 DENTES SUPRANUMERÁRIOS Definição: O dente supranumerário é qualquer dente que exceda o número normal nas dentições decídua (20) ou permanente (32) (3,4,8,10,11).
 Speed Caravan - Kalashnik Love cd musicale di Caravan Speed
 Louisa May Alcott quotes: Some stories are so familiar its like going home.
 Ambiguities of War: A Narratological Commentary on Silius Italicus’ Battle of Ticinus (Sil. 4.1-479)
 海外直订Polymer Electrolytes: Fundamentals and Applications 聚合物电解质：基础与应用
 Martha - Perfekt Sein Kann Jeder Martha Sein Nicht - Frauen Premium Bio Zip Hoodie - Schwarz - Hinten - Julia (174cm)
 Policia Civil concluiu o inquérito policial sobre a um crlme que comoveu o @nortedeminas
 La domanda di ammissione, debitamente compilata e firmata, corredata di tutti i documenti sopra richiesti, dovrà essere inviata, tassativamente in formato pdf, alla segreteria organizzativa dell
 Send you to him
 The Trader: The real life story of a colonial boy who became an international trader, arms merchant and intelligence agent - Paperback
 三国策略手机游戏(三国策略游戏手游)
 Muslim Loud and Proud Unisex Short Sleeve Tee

+++

**Work to be completed**. In the listing above, find the line with "海外直订Polymer Electrolytes: Fundamentals" and the line with "Policia Civil concluiu", then print exactly those two lines and every line between them, and nothing more.

**Written response**.
 海外直订Polymer Electrolytes: Fundamentals and Applications 聚合物电解质：基础与应用
 Martha - Perfekt Sein Kann Jeder Martha Sein Nicht - Frauen Premium Bio Zip Hoodie - Schwarz - Hinten - Julia (174cm)
 Policia Civil concluiu o inquérito policial sobre a um crlme que comoveu o @nortedeminas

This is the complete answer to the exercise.